Nothing unusual about that...the spare parts got the Rotary going and a couple of pictures are posted below. Lovely Rotary IMO...not sure about the significance of the GT logo...but it looks good! :thumbsup: Shame its not mine.

The unusual part to this small story concerns the dial that was on this donor movement! It shows the ESA logo below the 12 and the word "Dynotron" above the 6. ESA only ever put their logos on dials for demonstration watches i.e. they developed a new movement and then demo it to the world. The ESA 9150 Dynotron was their first electronic movement and it first appeared in limited numbers in 1967 --- so this donor movement and dial must date from then.

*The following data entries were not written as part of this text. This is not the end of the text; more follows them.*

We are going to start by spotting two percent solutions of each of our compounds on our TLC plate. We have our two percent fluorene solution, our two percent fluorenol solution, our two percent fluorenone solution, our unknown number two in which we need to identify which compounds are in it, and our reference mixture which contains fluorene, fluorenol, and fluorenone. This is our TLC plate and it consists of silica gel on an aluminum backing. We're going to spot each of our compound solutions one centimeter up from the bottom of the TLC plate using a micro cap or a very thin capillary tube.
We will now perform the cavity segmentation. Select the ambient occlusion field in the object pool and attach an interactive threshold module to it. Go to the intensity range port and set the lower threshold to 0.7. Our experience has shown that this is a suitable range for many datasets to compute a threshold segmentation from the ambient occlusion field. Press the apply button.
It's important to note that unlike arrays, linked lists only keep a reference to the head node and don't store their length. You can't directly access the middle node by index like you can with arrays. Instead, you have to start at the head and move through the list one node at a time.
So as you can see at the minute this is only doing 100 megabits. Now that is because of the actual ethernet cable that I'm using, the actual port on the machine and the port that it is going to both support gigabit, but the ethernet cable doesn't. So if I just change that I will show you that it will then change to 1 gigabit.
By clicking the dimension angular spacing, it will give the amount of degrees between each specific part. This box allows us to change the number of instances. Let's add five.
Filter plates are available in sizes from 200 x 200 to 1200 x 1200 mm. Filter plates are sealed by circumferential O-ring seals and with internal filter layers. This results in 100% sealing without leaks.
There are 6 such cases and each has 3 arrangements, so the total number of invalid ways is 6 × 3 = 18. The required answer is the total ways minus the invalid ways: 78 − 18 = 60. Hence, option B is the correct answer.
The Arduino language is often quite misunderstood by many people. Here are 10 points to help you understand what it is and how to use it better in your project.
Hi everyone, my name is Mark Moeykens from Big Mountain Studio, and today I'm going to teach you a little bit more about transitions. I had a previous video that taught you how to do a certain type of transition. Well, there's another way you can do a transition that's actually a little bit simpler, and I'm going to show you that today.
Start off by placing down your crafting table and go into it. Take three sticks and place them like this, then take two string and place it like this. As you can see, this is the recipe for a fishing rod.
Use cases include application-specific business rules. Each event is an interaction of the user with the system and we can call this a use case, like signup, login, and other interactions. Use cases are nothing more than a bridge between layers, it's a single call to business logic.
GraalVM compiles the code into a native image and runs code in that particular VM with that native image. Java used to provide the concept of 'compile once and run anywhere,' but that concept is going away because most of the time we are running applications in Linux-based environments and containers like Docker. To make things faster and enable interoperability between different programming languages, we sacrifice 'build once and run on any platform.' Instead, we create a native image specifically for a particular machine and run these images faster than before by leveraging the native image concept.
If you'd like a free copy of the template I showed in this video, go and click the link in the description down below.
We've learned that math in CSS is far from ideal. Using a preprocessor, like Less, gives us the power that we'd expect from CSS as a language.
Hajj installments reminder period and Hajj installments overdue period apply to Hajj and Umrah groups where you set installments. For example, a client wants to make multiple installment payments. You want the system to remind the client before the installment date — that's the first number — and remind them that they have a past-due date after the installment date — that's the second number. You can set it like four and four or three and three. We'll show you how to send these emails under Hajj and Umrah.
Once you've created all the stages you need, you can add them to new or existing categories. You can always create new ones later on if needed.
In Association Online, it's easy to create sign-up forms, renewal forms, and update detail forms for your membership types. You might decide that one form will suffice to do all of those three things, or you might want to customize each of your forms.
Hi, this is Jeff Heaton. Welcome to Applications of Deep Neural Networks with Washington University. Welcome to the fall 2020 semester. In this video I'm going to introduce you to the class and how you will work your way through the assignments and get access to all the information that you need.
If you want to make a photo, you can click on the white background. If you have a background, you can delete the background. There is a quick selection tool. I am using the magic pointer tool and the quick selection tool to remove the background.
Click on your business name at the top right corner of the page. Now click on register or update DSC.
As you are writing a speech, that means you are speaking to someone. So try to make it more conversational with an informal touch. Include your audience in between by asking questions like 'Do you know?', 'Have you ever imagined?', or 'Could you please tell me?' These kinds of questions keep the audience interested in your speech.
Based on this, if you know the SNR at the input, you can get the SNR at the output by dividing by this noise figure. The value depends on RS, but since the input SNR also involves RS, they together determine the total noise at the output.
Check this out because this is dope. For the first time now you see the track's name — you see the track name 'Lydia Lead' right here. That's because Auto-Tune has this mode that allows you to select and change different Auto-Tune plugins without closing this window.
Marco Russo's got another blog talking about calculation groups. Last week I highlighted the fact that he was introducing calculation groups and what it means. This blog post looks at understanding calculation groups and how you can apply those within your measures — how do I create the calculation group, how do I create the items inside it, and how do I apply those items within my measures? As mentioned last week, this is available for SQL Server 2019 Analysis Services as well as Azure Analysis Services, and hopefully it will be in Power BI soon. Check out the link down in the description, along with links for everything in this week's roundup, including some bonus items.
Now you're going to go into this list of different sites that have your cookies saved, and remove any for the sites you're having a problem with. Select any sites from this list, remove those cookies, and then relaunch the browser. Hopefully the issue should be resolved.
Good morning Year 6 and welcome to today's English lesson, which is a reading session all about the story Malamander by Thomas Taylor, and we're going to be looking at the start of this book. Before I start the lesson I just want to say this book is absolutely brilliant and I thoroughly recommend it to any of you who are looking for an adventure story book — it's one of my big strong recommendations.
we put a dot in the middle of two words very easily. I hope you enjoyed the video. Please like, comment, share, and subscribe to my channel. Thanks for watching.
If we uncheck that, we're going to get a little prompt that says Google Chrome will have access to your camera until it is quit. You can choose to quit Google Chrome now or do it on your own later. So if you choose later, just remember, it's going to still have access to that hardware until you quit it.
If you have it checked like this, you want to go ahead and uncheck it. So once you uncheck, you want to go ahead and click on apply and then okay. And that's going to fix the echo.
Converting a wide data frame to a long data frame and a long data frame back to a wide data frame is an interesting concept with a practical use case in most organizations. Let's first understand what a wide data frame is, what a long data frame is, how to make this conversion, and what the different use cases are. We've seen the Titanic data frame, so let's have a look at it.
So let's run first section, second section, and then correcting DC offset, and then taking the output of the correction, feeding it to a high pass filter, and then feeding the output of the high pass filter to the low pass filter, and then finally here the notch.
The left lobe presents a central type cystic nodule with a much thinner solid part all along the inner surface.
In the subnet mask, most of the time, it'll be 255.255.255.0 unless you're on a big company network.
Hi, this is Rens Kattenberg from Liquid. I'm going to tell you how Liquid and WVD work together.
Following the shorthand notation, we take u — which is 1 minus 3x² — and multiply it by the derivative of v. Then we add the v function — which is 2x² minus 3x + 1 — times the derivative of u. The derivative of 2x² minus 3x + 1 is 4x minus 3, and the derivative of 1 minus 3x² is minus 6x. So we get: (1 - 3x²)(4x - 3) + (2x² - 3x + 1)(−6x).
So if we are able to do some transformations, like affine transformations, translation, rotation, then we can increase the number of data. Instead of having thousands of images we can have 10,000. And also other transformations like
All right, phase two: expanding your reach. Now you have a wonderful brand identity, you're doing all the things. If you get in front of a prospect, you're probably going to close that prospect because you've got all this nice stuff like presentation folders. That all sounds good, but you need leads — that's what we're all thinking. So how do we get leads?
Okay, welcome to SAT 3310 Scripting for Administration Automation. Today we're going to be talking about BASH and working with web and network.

Its a shame its a little scratched in places but still an interesting piece of electronic watch history.


----------



## jasonm (Nov 22, 2003)

Well donr Paul...Another one saved 

The 'GT' must have been a range of theirs at the time, I used to have this GT Monza....










Whats the caseback like? This one had 2 large crossed flags and looked great....


----------



## Silver Hawk (Dec 2, 2003)

jasonm said:


> Well donr Paul...Another one saved
> 
> The 'GT' must have been a range of theirs at the time, I used to have this GT Monza....
> 
> ...


That looks good Jason....shouldn't have sold that one. The back on this Rotary is boring...no interesting markings at all.


----------



## jasonm (Nov 22, 2003)

I know Paul,  it was a bit on the small side for me , it stayed with a forum member though.....


----------



## Stuart Davies (Jan 13, 2008)

So if I've got this right does this mean you'll be handing this rare (?) donor movement onto a customer Paul? Not tempted to keep it for the collection then? Cheers S


----------



## Silver Hawk (Dec 2, 2003)

Stuart Davies said:


> So if I've got this right does this mean you'll be handing this rare (?) donor movement onto a customer Paul? Not tempted to keep it for the collection then? Cheers S


Almost right Stuart....the movement isn't particular rare but the dial with those markings is. The dial stays with me; the movement was used to fix the Rotary.


----------



## Robert (Jul 26, 2006)

Nice story and a nice watch too.

What does the Lic.ATO and UC.ATO mean at the bottom of each dial?


----------



## Silver Hawk (Dec 2, 2003)

Robert said:


> What does the Lic.ATO and UC.ATO mean at the bottom of each dial?


The system whereby two stationary coils, permanent magnets on a balance and an opening / closing transistor work together to impulse a watch balance was first invented and patented by Etablissements Leon Hatot (ATO) in 1953 in France. The patent is used in millions of watches...sometimes acknowledged on the dial, as here, and sometime on the movement plates.


----------



## seemore (Oct 25, 2007)

Intresting i have the same Rotary only in black with silver hands still working any idea how old these are?


----------



## PhilM (Nov 5, 2004)

Another great thread Paul, the hands match the dial so well especially with the hour markers


----------



## Silver Hawk (Dec 2, 2003)

seemore said:


> Intresting i have the same Rotary only in black with silver hands still working any idea how old these are?


Late 1960's


----------